» **THE TASK**
The material below holds a span beginning at the line with "Beautiful shot of" and ending at the line with "Kitchen features stainless". Quote that span exactly, both ends included, and only that span.

» **MATERIAL SUPPLIED**
---*---

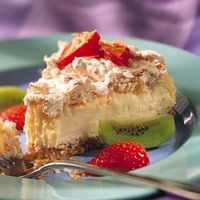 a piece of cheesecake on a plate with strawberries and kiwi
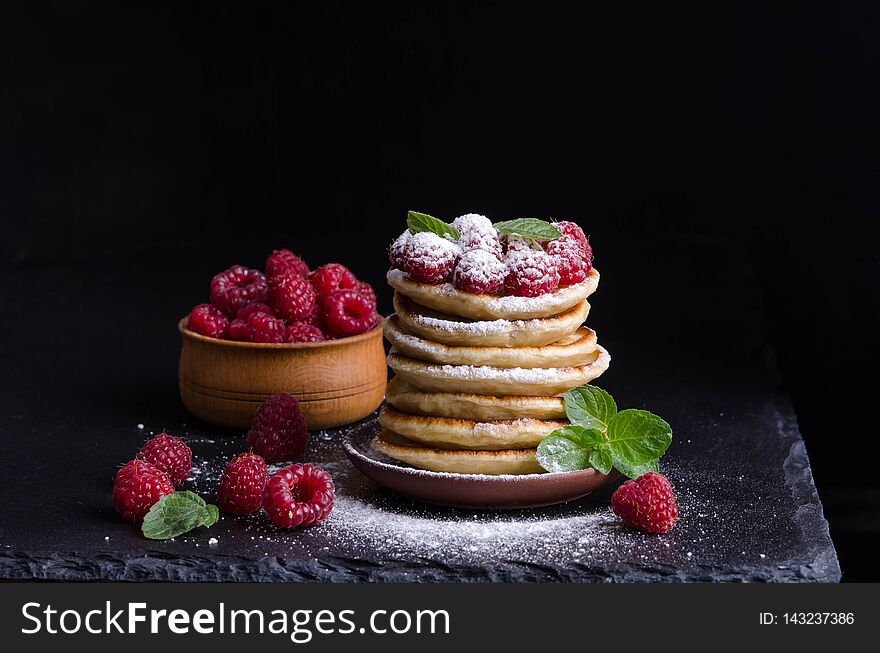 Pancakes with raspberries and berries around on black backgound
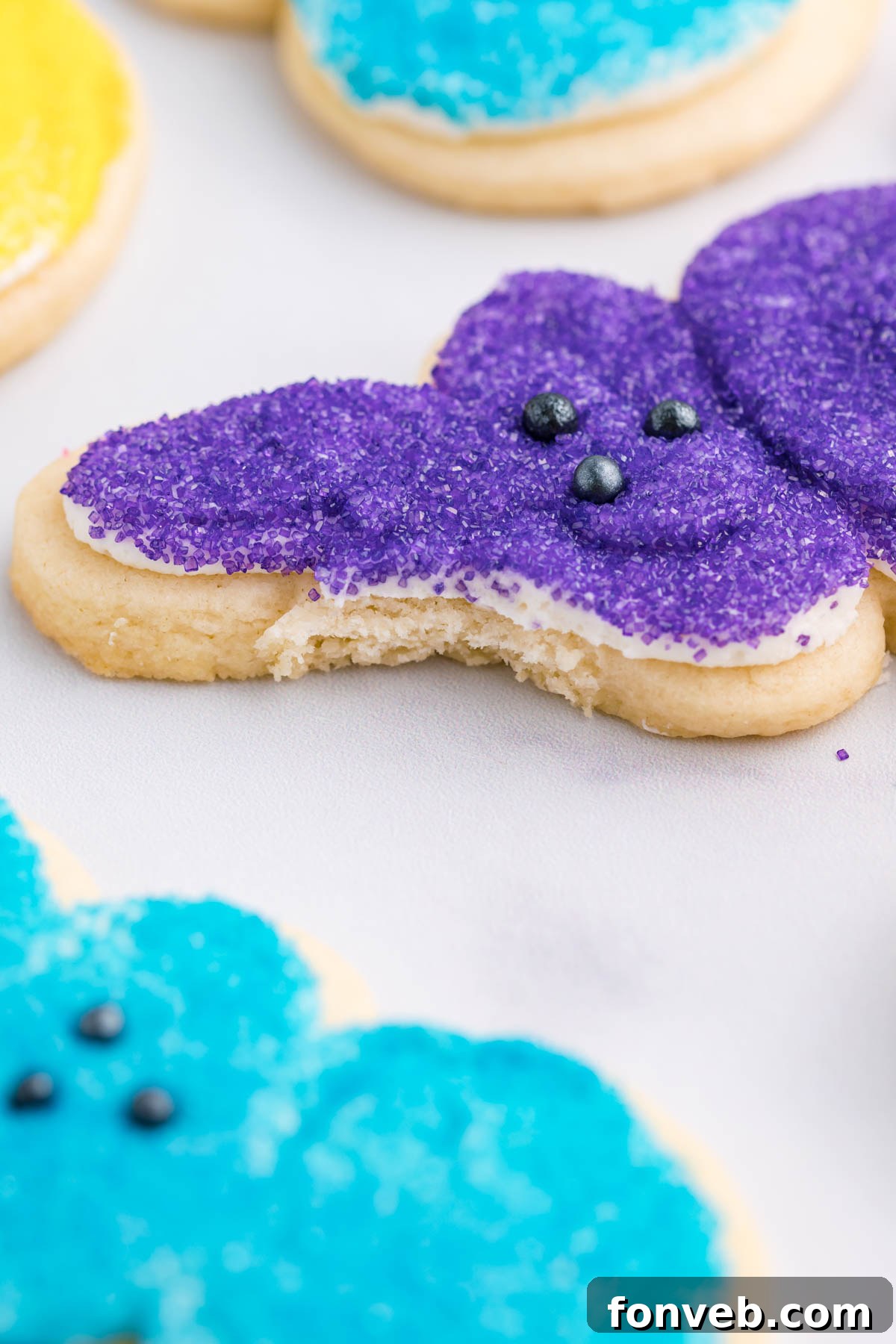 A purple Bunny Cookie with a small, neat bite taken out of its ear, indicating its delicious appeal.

---*---

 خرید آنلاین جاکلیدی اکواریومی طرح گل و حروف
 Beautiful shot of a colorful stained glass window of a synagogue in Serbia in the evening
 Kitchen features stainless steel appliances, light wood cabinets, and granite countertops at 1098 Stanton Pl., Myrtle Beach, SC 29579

---*---

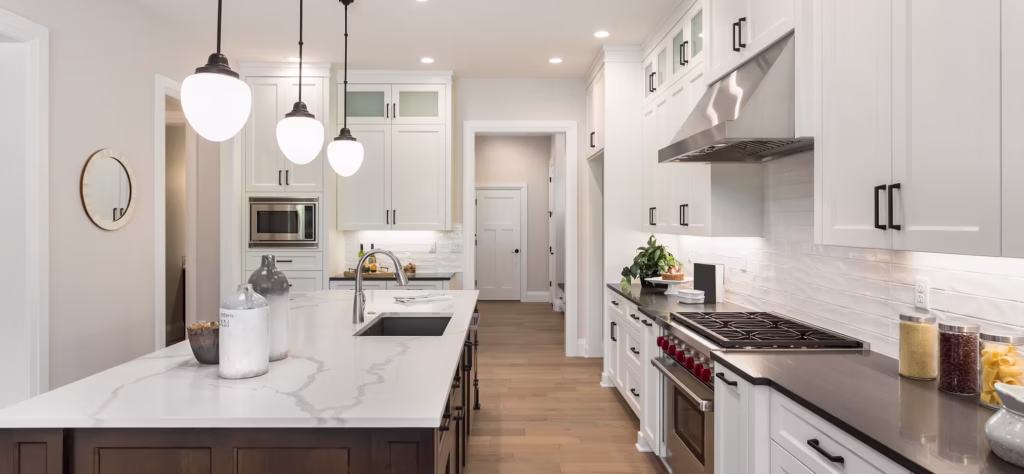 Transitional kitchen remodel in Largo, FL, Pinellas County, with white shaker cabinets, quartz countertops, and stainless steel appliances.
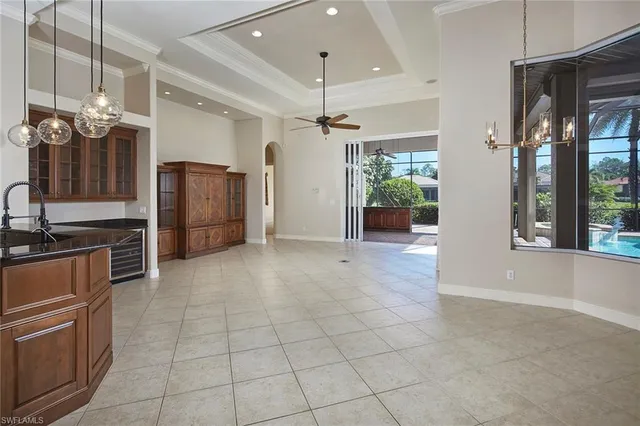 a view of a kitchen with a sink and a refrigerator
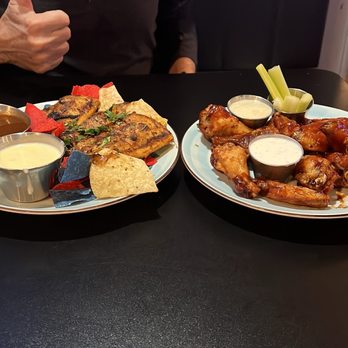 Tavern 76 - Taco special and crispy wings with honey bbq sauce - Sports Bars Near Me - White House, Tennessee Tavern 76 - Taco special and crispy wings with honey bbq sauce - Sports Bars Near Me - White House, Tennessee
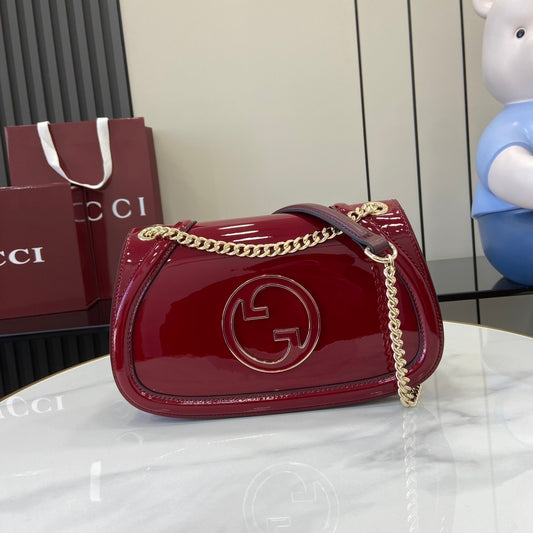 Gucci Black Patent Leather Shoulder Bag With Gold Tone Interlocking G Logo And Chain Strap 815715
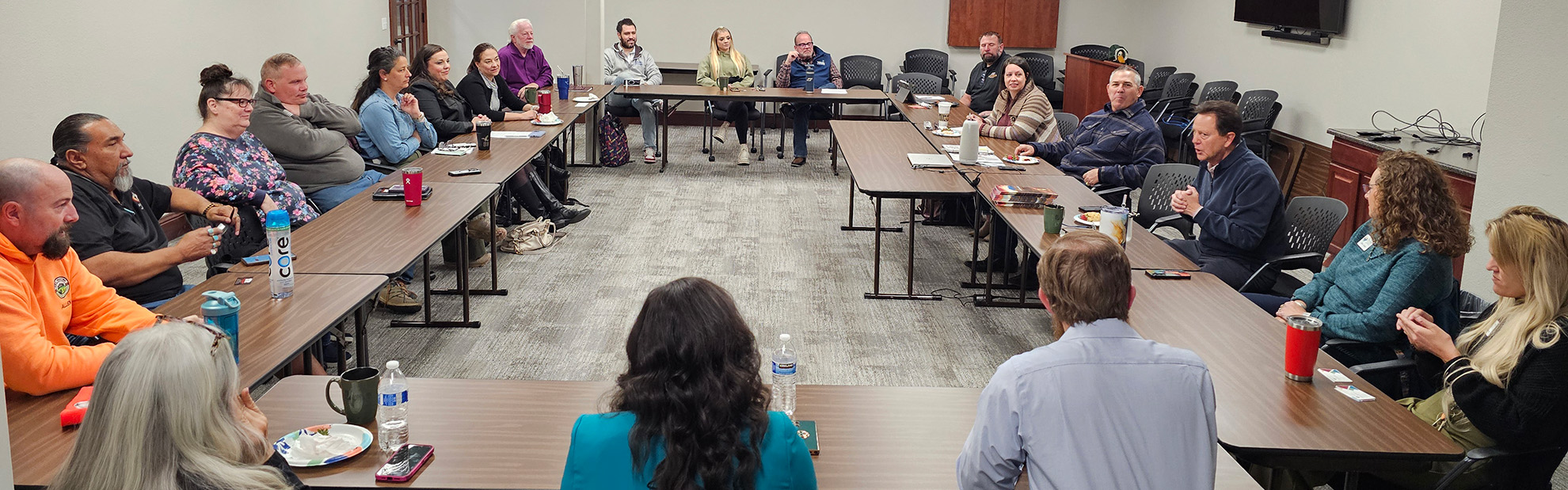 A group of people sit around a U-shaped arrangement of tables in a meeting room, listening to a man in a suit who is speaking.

---*---

» **PROBLEM SOLUTION**
 Beautiful shot of a colorful stained glass window of a synagogue in Serbia in the evening
 Kitchen features stainless steel appliances, light wood cabinets, and granite countertops at 1098 Stanton Pl., Myrtle Beach, SC 29579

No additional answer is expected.